Hinteregger, 23, hauled Ronaldo down in the 78th minute of the Group F clash at the Parc des Princes but the Real Madrid star misfired from the spot, hitting the post.
Austria held on to secure their first point of the European Championship and Hinteregger was delighted to be given a reprieve.
“It was a feeling of relief,” the Borussia Monchengladbach defender told Sport360 after the game. “Before he took it I was so angry with myself because I knew it was a foul and a mistake by me.
“So when he missed his penalty, I was so happy – I was the happiest man in France. It was so great that we got one point.
Hinteregger admitted that the foul was down to Ronaldo’s physicality, saying: “The left-winger crossed the ball and Cristiano came sprinting to me. No-one can defend against him when he sprints like that.
“I went to block him but he is so strong, he is like a machine. We fought to be first for the ball but he won this fight.”
Austria became the first team since Spain at Euro 2012 to stop Portugal from scoring in a European Championship and Hinteregger said he relished the opportunity to come up against Ronaldo.
“He was unbelievable,” Hinteregger said. “Now I know that he is the best player in the world.
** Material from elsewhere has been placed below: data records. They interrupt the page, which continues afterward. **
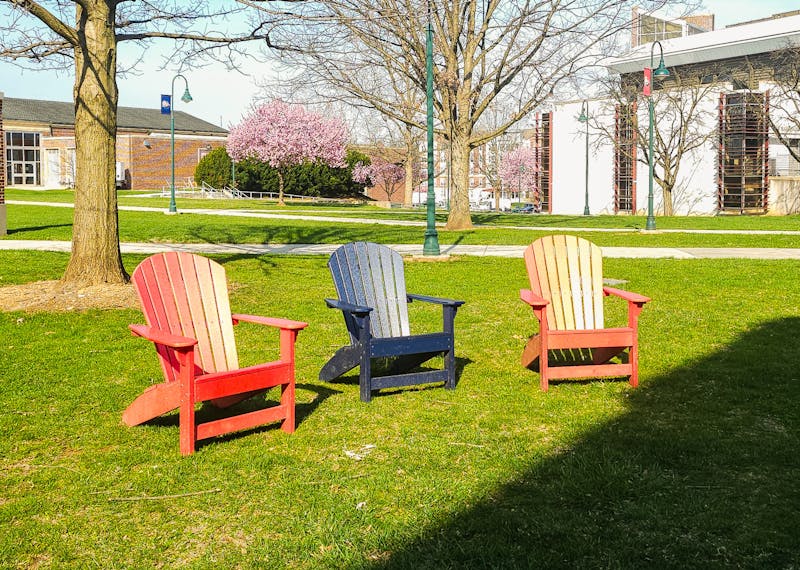 Adirondack chairs outside Rowland Hall on a Spring day.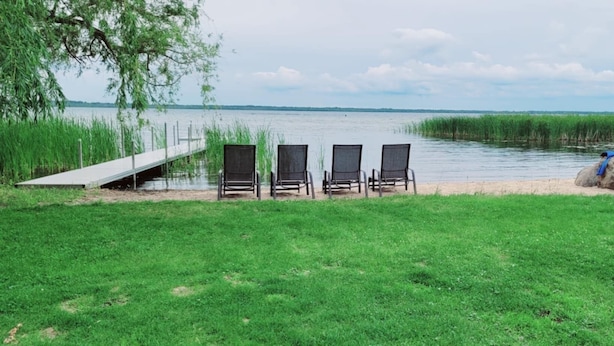 Une zone herbeuse avec une jetée menant à un plan d’eau, quatre chaises et une clôture blanche.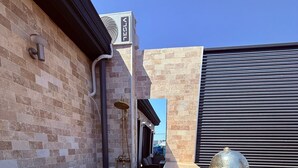 A building exterior with a brick facade, a Tesla logo, and a golden statue of a gorilla. - Jas Pipera Studio &Private Pool (Voluntari)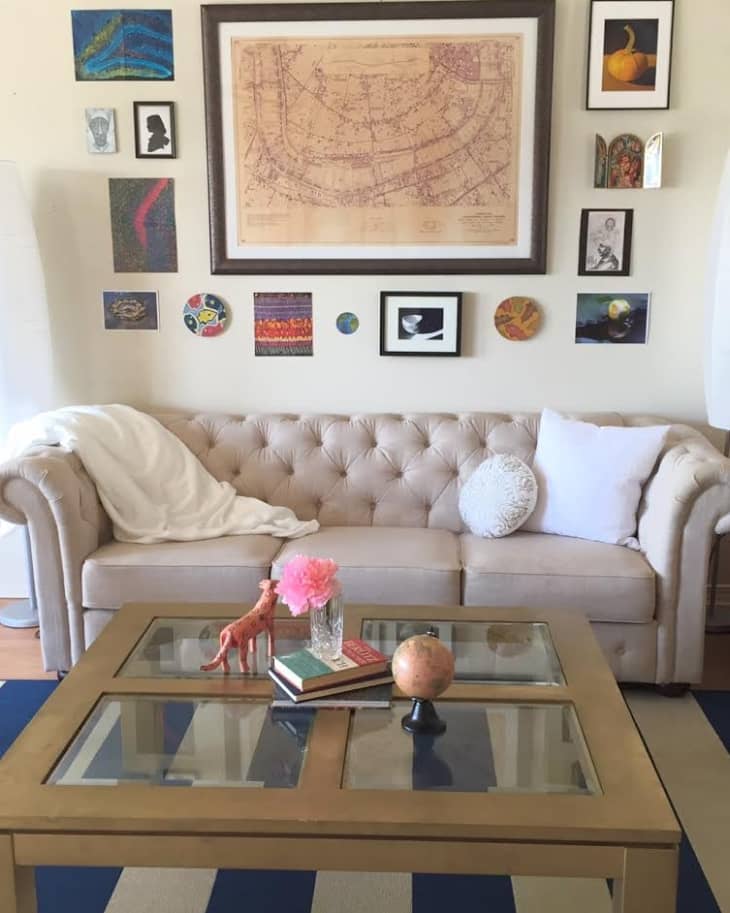 Beige tufted sofa with white pillows, glass coffee table, pink flowers, and eclectic wall art in a cozy living room.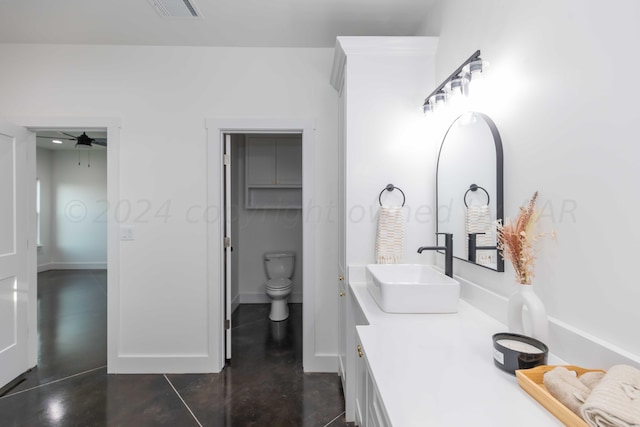 bathroom with toilet, concrete flooring, vanity, and ceiling fan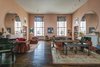The living room boasts 17' ceilings and double-height windows. Photo 5 of Longtime Home of Jacob K Javits Designed By Joseph Urban modern home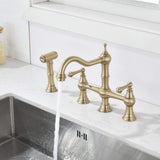 Brushed gold kitchen bridge faucet with high arc spout running over the sink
He really is the best player – I’m so happy that he didn’t score against us. “
Austria take on Iceland in their final group game knowing a win should be enough to take them through to the last-16 and Hinteregger is optimistic of securing a knockout berth.
“We are confident now,” he said. “We wanted to get one point in this game to prepare us for the final game. Now we can get a win to go through to the next round.”